Update: I spoke to my pastor yesterday. He made a few observations I'm still digesting in light of the idea that not every situation is the same. . . .
He mentioned unconditional love. I said I was like the father in the prodigal son story. He countered that if I am, then I should not be wondering about the past at all. The father didn't ask his son if he felt bad or was sorry for the way he treated him. He expected nothing, but gave his unconditional love and welcomed the son back. He suggested I should welcome her back the same way. Hmm....
AJM,
I'm not that familiar with your sitch, but I have read over two of your threads just now.
Your pastor brings up a great point, and I don't necessarily disagree with him. But I do think that the heart of the prodigal son (repentant, contrite) has something to do with the moral of the story. If your wife were to be unrepentantly staying out until 3am again, I think you'd have a right to enforce your boundary.
Jesus tells the story of a man who has two sons. The younger son asks his father to give him his portion of the family estate as an early inheritance. Once received, the son promptly sets off on a long journey to a distant land and begins to waste his fortune on wild living. When the money runs out, a severe famine hits the country and the son finds himself in dire circumstances. He takes a job feeding pigs. He is so destitute that he even longs to eat the food assigned to the pigs.
The young man finally comes to his senses, remembering his father. In humility, he recognizes his foolishness, decides to return to his father and ask for forgiveness and mercy. The father who had been watching and waiting, receives his son back with open arms of compassion. He is overjoyed by the return of his lost son! Immediately the father turns to his servants and asks them to prepare a giant feast in celebration.
I understand what your pastor is saying, because he knows the details of your sitch. Puppy's words are applicable, IF they have crossed the line. I guess we don't really know if W has, do we? And, the question is, do you want to know if she has?
I've read Puppy's snippets on snooping, if you feel you need to know. I don't have nearly enough reason to consider this, but there are a couple of things that bug me, a little/okay a lot sometimes (when I'm tired, buzzed, or hungry!). So, the food for thought applies if you "go there."
W appears to be working through the anger part, at least. I'm concerned that it has now transferred to you. How do we get a handle on that?
Weird Q... wondering if your D13 is having "the movie" about now in school. My S11, almost S12, is, (think it's common this time of year) and I talked to my H about discussing it with him after he had seen it (I guess 6th grade gets pretty detailed.) I wonder what the talk will be like... "this" is for committed, married people, between one man and one woman, etc... How would your W handle it now? Engaged? Or awkward? I think it might be telling.
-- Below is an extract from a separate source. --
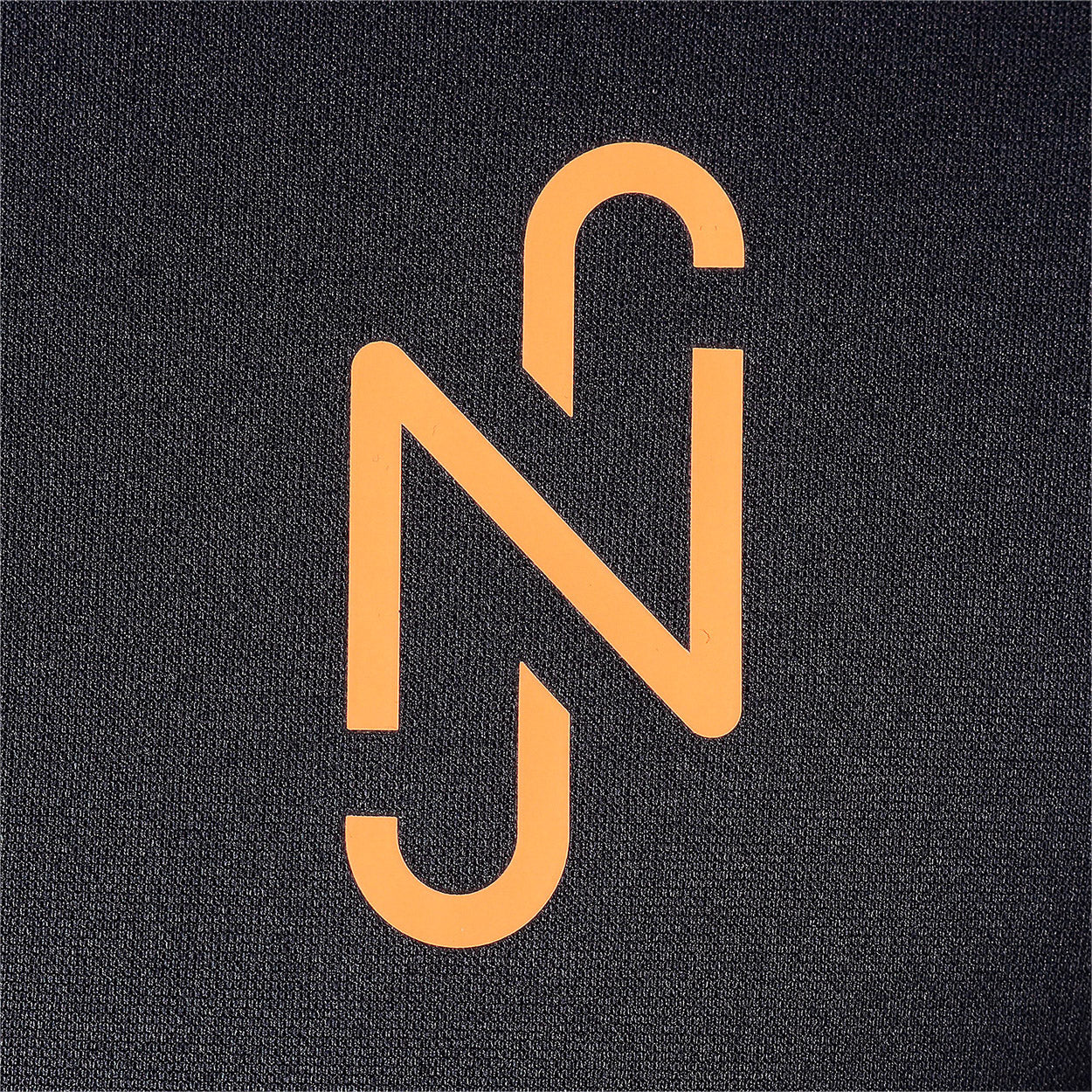 Neymar Jr Flare træningstrøje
I don't feel like I can intrude on S11's time w/his Dad, so I won't pry, but I'd kill to be a fly on the wall.
Last edited by mindblank; 03/12/0909:46 PM.
Me-46, D-21, S15, S13
After many years w/my head in the sand... I FILED Divorced 6/2011
The average woman would rather have beauty than brains, because the average man can see better than he can think.
Hmm... I DO NOT think she's stepped outside the marriage. It's hard to see that from what I've posted, but I really do not.
I don't want to know the things either. It is unacceptable for her to accept gifts from other men. That's a boundary. She's been respecting that as much as I can tell. I'm not going to ask beyond that. Why? Because I do not want to know. Seriously. Think about it. If I knew something I didn't like, what would I gain? If there was nothing (Seriously, my instinct tells me there isn't beyond the acceptance of the gift and I do believe she ended the amorous longing he had towards her) then being curious or jealous about it brings me nothing either.
I want her back.
I want her to be honest because otherwise she's not back.
Anything else really doesn't matter to be honest.
The movie? Yes, we've had those discussions. I still maintain that it is between a married couple. Regardless of what is going on, my children deserve to know my beliefs. I haven't changed my beliefs and I don't intend to on subjects like that.
Make sense?
Meanwhile, patience and unconditional love are my only ways forward. I struggle to get there. I am truly relieved to see her healing from the pain she was at. I am truly happy to see that healing take place. I am very sad that it is still the way it is between us.
I am and will remain,
Hopeful AJ.
P.S. I had to give up on the skydiving idea. For now ;0)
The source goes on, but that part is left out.